Google Debunked 5 GEO Tactics Pakistani Businesses Still Pay For
By Sara Khan · May 2026
The prevailing belief among Pakistani marketing teams in 2026 is that generative engine optimization (GEO) — the practice of making content discoverable by AI systems like ChatGPT, Gemini, and Claude — requires a separate strategy built on specialized schema markup, llms.txt configuration files, and content restructured specifically for machine reading.
Google’s official Search Central documentation, published on May 15, 2026, contradicts every one of those assumptions. The guide, titled “Optimizing your website for generative AI features on Google Search,” includes a dedicated mythbusting section that explicitly rejects llms.txt files, content chunking, special schema markup, rewriting content for AI systems, and seeking inauthentic brand mentions. Gary Illyes and Cherry Prommawin from Google’s Search team told Search Central Live attendees that GEO and answer engine optimization (AEO) — the practice of formatting content for direct AI answers — do not need separate strategies; that position now appears in published documentation. Google’s stated position is unambiguous: “From Google Search’s perspective, optimizing for generative AI search is optimizing for the search experience, and thus still SEO.” For Pakistani businesses spending PKR 250,000 to PKR 600,000 monthly on digital marketing services, the distinction carries direct financial consequences: agencies selling “GEO packages” as an add-on are charging for work Google says provides no additional benefit.
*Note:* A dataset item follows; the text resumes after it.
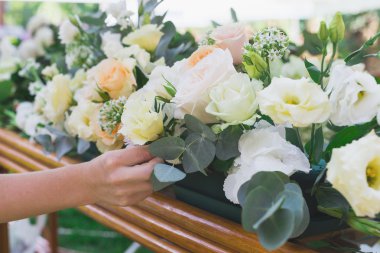 Çiçekler buket düzenlemek restoran olarak dekorasyon için.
The llms.txt file that nobody at Google reads
The llms.txt file — a plain text file placed in a website’s root directory, intended to help large language models understand site content — has become a standard deliverable in GEO agency proposals across Lahore and Karachi. The logic sounds reasonable: if AI models visit a site, give them a structured summary of what they will find. Google’s official guide addresses this directly: llms.txt files receive no special treatment in Google’s generative AI features. Google’s AI systems rely on the same crawling and indexing infrastructure that powers traditional search results, using retrieval-augmented generation (RAG) — a technique where an AI model retrieves relevant content from an index and uses those passages to generate responses — combined with query fan-out, Google’s method of expanding a single user query into multiple sub-queries to surface comprehensive answers. Neither mechanism reads llms.txt files. Danny Sullivan confirmed this position in January 2026, relaying advice from Google engineers who recommended against llms.txt adoption; the May 2026 guide now formalizes that position in documentation.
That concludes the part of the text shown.